━━━━━ Information given

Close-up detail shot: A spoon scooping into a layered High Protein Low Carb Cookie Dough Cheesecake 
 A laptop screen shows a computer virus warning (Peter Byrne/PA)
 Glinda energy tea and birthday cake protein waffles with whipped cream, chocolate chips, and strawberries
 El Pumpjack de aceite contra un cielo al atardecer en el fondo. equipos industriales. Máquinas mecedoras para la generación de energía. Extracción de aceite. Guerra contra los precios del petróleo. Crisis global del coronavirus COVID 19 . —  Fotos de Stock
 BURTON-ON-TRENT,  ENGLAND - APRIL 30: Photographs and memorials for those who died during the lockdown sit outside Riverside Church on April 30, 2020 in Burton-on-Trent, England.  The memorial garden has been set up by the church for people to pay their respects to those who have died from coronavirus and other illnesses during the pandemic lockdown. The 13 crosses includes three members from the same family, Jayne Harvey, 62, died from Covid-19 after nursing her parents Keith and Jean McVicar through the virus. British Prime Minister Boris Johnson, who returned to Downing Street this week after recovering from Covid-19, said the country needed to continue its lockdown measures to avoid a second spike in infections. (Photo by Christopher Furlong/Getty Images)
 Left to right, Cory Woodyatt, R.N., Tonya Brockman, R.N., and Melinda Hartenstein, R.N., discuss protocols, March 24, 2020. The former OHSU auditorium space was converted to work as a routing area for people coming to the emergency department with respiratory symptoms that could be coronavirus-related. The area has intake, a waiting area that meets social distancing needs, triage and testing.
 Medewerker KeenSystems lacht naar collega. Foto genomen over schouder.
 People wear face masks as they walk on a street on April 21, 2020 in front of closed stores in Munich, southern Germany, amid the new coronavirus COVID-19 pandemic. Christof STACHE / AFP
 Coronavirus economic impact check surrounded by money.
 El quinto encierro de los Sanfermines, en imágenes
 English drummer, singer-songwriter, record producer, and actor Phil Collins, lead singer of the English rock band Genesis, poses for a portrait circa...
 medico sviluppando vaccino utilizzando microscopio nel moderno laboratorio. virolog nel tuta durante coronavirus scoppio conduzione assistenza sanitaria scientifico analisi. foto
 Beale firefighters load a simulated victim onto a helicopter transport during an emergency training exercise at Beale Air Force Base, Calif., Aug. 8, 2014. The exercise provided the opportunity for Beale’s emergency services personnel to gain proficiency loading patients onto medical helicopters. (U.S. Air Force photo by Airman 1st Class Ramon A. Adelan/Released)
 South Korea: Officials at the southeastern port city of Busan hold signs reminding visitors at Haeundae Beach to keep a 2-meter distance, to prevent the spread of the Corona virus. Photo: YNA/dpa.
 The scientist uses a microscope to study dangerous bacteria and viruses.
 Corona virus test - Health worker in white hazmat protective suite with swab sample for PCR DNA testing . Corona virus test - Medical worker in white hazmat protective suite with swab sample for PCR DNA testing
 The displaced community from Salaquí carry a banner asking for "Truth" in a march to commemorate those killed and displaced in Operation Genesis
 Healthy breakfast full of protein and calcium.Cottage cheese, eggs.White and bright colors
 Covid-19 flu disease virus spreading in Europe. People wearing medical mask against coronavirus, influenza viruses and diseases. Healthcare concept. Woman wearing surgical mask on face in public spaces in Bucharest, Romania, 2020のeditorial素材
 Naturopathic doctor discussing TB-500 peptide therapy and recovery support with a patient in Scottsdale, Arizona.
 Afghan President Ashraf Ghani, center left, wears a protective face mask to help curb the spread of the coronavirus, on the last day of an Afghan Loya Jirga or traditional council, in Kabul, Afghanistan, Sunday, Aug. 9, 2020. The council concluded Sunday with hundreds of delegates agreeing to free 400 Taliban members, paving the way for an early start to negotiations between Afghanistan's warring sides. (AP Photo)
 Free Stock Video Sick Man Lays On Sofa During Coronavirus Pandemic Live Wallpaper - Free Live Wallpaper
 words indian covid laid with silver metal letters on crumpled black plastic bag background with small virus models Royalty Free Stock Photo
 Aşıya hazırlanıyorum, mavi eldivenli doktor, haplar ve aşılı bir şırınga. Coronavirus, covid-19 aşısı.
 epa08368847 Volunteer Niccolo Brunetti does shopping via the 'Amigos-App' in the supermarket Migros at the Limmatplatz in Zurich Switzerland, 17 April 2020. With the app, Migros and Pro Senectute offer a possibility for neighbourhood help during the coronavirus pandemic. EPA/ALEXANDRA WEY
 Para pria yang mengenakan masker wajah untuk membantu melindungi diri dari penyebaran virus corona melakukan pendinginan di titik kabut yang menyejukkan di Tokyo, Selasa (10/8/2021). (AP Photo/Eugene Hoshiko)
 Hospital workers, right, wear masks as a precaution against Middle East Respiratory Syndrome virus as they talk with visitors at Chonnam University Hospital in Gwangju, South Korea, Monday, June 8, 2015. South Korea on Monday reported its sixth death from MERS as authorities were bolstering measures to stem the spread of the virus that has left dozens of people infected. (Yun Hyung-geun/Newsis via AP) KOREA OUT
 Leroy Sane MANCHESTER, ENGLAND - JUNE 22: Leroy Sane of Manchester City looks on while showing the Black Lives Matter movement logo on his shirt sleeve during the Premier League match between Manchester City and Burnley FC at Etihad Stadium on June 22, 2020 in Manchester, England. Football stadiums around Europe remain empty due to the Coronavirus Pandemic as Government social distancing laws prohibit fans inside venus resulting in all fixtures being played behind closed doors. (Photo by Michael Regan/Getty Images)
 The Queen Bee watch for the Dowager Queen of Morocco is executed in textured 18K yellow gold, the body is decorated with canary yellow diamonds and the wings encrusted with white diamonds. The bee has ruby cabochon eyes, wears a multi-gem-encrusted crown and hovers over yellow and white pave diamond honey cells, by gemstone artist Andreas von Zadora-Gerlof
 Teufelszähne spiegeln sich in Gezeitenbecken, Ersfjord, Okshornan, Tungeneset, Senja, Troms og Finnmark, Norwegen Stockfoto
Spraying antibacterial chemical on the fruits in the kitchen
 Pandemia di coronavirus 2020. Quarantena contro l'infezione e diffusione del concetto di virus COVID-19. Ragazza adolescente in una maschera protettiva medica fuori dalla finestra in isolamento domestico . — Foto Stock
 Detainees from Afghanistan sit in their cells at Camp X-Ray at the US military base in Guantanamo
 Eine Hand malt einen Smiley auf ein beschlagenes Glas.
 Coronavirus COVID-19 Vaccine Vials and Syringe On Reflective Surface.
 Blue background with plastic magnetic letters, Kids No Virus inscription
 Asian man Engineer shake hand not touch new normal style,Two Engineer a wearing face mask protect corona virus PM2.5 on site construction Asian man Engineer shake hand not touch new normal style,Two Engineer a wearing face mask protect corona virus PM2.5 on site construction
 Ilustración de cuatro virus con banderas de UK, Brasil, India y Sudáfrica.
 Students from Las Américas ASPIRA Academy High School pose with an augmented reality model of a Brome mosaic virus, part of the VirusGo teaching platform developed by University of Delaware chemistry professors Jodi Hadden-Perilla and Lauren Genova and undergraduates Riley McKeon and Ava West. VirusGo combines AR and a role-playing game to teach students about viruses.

━━━━━━━━━━

# [Required work]
Restate word for word the entries above, starting at the line with "People wear face" and ending at the line with "English drummer, singer-songwriter, record", inclusive, and no others.

# [Result of this task]
 People wear face masks as they walk on a street on April 21, 2020 in front of closed stores in Munich, southern Germany, amid the new coronavirus COVID-19 pandemic. Christof STACHE / AFP
 Coronavirus economic impact check surrounded by money.
 El quinto encierro de los Sanfermines, en imágenes
 English drummer, singer-songwriter, record producer, and actor Phil Collins, lead singer of the English rock band Genesis, poses for a portrait circa...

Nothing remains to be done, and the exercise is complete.